And @lyzidiamond and @joeyklee would love Single family residence with pool, even though we probably can't use that one meaningfully for the import.

almccon commented 9 years ago

http://wiki.openstreetmap.org/wiki/Tag:building%3Dgarage would also be great for all those garages behind single-family homes

almccon commented 9 years ago

Just had a thought: does the assessor data contain information about the number of floors in the building? If so, we can populate the building:levels tag as well as the height which comes from the building footprint data.
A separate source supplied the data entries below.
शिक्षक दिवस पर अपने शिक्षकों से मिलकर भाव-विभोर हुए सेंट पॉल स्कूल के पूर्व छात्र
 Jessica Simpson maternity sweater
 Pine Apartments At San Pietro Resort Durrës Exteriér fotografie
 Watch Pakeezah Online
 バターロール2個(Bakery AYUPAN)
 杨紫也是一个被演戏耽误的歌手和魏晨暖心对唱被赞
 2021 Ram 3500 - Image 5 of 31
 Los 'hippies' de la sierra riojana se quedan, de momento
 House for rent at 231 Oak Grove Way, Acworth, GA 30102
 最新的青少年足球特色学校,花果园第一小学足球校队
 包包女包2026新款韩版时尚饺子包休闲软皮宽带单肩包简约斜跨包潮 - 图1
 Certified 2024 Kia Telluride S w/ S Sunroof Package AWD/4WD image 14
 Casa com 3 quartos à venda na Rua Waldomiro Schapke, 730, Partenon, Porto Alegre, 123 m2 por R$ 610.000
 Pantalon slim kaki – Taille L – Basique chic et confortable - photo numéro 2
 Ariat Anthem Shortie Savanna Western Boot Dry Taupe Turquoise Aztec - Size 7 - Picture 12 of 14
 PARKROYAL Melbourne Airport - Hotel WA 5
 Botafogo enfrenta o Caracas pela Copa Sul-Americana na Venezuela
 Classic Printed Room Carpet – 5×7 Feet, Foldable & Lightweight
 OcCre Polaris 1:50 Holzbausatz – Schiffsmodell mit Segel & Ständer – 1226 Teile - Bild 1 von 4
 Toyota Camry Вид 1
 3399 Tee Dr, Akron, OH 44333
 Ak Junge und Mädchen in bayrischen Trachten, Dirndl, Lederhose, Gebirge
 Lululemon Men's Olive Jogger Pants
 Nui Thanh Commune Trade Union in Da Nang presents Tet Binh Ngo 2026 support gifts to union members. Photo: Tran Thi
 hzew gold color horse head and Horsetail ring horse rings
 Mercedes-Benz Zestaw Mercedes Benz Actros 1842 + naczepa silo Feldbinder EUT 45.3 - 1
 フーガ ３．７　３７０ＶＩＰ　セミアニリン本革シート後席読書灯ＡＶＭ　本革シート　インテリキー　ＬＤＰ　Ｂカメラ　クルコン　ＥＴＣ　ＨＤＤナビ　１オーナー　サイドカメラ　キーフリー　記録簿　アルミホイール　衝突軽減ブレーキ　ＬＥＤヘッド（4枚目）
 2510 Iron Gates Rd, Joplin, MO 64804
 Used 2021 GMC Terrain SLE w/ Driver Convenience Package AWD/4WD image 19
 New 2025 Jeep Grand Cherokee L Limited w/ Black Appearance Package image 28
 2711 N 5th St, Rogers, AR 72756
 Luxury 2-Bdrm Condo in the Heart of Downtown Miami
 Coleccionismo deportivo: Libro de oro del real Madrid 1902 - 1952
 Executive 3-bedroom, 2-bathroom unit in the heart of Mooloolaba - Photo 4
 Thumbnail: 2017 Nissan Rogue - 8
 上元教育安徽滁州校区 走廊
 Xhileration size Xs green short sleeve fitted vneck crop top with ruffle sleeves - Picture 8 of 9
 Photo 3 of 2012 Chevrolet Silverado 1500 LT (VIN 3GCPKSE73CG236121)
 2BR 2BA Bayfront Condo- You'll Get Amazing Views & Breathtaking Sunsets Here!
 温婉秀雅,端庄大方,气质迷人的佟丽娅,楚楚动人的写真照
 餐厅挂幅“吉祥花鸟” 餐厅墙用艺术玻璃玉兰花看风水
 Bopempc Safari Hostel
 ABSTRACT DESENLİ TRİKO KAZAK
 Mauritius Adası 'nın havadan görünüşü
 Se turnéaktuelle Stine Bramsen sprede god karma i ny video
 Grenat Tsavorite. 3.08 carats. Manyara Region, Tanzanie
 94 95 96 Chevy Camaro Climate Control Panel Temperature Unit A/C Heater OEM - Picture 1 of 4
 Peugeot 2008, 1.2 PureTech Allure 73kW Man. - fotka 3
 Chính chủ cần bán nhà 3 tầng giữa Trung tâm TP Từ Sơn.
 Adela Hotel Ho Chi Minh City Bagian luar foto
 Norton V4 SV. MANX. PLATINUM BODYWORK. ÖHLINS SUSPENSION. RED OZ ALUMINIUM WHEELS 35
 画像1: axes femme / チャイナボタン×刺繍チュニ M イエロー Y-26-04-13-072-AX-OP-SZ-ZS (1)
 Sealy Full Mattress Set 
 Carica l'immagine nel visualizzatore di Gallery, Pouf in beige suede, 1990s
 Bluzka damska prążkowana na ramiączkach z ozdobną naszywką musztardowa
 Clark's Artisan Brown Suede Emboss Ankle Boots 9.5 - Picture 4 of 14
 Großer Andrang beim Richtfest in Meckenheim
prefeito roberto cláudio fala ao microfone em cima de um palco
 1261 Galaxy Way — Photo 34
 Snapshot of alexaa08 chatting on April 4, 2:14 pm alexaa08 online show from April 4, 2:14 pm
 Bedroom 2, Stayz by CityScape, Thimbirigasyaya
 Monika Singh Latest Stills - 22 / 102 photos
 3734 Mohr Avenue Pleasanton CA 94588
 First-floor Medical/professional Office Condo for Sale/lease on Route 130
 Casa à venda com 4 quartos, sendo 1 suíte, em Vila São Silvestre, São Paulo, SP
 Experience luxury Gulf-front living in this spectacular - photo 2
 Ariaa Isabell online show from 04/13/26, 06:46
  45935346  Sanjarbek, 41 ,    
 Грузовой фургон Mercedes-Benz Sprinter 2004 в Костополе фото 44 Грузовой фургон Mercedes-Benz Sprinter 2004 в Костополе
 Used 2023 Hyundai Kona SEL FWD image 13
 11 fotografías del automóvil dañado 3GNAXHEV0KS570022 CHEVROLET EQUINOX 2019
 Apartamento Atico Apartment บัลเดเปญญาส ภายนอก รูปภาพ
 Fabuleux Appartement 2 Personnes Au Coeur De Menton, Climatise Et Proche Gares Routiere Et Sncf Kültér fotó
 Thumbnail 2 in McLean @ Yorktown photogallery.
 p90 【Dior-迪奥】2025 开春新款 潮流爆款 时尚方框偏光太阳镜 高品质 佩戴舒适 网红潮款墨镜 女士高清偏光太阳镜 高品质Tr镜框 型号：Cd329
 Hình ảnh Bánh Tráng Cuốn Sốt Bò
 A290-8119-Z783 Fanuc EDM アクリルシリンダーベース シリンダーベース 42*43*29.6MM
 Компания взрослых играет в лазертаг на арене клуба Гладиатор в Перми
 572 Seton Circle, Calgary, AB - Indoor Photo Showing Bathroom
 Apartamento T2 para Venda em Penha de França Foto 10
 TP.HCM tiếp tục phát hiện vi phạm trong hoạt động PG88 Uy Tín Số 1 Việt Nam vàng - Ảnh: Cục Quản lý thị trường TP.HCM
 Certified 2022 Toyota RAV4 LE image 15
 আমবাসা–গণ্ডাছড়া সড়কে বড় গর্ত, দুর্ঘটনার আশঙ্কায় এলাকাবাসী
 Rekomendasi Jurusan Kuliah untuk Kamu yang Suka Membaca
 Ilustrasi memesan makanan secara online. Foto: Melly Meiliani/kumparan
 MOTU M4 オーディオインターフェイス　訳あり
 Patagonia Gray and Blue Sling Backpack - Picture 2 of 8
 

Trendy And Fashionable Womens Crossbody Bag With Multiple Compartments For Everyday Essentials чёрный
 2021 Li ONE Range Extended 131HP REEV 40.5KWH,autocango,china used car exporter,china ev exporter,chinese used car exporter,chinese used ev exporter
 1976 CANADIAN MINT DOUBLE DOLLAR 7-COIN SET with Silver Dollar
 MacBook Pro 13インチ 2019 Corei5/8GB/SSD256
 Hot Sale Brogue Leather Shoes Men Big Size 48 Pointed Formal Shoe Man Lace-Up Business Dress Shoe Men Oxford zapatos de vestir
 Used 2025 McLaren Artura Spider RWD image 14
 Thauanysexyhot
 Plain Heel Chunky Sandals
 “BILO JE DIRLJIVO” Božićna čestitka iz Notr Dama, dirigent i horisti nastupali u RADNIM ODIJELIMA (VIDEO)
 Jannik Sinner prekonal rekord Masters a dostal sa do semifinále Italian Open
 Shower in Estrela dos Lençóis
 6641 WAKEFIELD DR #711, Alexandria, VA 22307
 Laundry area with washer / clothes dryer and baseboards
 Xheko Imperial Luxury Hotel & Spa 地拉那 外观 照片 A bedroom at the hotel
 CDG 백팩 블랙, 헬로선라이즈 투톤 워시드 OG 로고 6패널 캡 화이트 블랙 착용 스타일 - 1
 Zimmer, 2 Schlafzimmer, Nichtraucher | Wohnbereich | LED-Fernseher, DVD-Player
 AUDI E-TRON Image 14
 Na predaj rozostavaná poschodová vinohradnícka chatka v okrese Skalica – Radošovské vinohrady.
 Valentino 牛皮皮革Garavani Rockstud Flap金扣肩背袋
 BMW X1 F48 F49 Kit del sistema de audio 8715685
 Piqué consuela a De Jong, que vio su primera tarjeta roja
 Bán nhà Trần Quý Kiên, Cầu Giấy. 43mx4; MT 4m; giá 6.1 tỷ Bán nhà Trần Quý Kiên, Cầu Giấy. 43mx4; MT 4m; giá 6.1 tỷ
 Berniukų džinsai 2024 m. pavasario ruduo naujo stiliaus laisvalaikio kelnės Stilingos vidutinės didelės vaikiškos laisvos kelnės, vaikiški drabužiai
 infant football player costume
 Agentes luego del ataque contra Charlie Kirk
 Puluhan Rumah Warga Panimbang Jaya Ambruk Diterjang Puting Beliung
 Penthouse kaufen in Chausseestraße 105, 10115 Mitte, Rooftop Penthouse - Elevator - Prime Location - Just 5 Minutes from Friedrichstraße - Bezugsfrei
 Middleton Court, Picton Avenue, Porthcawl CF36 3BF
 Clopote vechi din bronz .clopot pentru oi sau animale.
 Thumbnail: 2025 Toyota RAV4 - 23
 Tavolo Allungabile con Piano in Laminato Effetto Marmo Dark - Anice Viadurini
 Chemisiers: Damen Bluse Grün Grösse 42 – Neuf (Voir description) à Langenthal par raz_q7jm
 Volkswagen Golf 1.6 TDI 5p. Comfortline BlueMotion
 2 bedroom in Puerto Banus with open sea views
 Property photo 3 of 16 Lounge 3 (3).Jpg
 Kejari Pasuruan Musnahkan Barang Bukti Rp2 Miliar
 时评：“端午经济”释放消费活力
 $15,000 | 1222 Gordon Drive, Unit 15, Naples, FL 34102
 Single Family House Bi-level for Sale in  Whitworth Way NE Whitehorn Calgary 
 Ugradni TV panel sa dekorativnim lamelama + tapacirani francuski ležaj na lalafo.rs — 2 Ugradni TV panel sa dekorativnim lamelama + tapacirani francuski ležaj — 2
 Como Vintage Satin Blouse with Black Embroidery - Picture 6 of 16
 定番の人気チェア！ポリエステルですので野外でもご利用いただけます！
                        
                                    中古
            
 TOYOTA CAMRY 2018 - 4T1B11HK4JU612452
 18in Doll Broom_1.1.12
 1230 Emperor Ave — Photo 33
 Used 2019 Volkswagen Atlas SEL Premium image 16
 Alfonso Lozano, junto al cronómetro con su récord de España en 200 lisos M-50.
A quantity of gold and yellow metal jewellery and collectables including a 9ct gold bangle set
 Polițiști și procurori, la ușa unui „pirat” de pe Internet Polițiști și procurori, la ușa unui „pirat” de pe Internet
joeyklee commented 9 years ago

For the case of LA, I don't think it is included (http://assessor.lacounty.gov/local-roll/), but I do think the "building:levels " tag would be a worth adding since it could be something derived via geotagged photos or google streetview imagery :)

In cases like the Chicago building footprint data, they include building:levels for some of their buildings.

almccon commented 9 years ago

Bummer. If it's not in the assessor data then we can't include it in the import. But there's nothing stopping people from adding it later based on ground-level imagery or surveying on-the-ground.

We can't use Google Street View for OSM mapping because of the license, but we can use Mapillary where available: http://www.mapillary.com/map/im/2FuBwfL320GgjY5amgiCgw/photo

joeyklee commented 9 years ago

That is no bueno. And definitely good point about the licensing. Always something to keep in mind ;)

cityhubla commented 9 years ago

@jschleuss and I made this google spreadsheet to figure out the fields and their OSM tag

Attributes to be imported, Google Spreadsheets We can use this spreadsheet to determine which values go or omitted.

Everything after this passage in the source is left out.